• To do
Your answer must consist of the records below, reproduced exactly, with every picture removed.

• Data for this task
•••

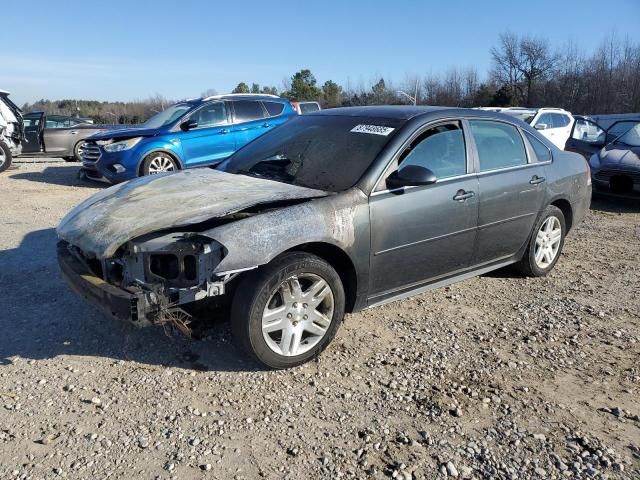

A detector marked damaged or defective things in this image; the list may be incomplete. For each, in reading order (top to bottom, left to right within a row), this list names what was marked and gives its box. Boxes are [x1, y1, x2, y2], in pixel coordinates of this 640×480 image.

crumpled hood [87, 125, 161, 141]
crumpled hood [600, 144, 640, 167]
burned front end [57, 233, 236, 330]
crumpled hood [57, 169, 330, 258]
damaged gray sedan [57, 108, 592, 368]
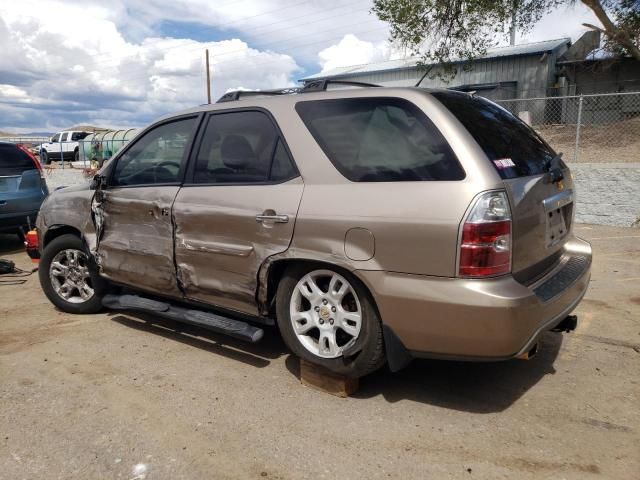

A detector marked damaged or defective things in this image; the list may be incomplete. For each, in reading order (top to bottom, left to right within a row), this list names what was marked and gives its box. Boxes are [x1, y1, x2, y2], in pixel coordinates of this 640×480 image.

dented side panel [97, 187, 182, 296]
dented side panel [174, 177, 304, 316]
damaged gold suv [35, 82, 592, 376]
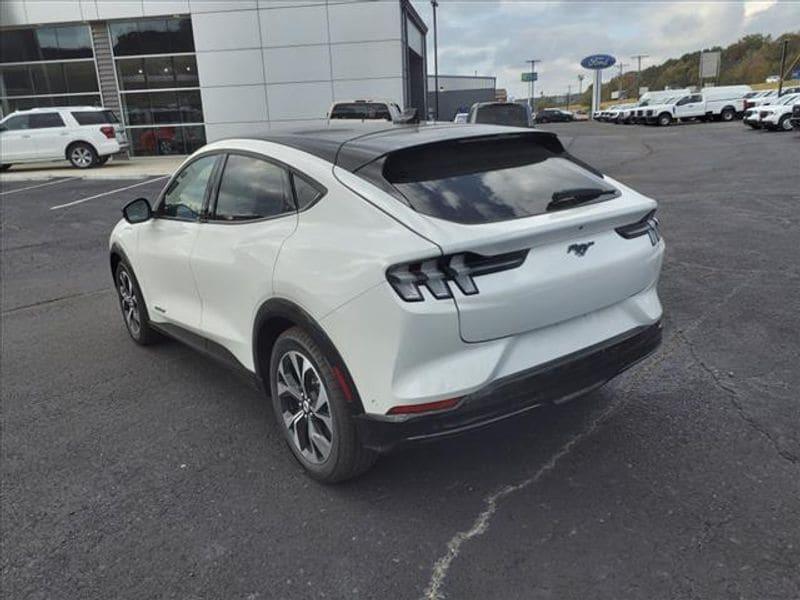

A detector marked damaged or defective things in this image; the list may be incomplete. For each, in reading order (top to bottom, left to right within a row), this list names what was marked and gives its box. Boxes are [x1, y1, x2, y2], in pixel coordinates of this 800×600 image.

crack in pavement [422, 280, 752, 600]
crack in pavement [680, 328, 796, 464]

•••

• Result for this task
A detector marked damaged or defective things in this image; the list may be incomplete. For each, in reading order (top to bottom, left to right within a row), this list names what was marked and gives its box. Boxes are [x1, y1, x2, y2], in pixel coordinates of this 640×480 image.

crumpled hood [87, 125, 161, 141]
crumpled hood [600, 144, 640, 167]
burned front end [57, 233, 236, 330]
crumpled hood [57, 169, 330, 258]
damaged gray sedan [57, 108, 592, 368]

A detector marked damaged or defective things in this image; the list may be incomplete. For each, in reading order (top to bottom, left to right within a row), this list names what was marked and gives its box. Boxes are [x1, y1, x2, y2], in pixel coordinates of this 640×480 image.

dented side panel [97, 187, 182, 296]
dented side panel [174, 177, 304, 316]
damaged gold suv [35, 82, 592, 376]

A detector marked damaged or defective things in this image; the list may be incomplete. For each, in reading order (top to bottom, left to right within a row), this list names what was marked and gives its box. Boxes are [x1, y1, x2, y2], in pixel coordinates of this 800×600 image.

crack in pavement [422, 280, 752, 600]
crack in pavement [680, 328, 796, 464]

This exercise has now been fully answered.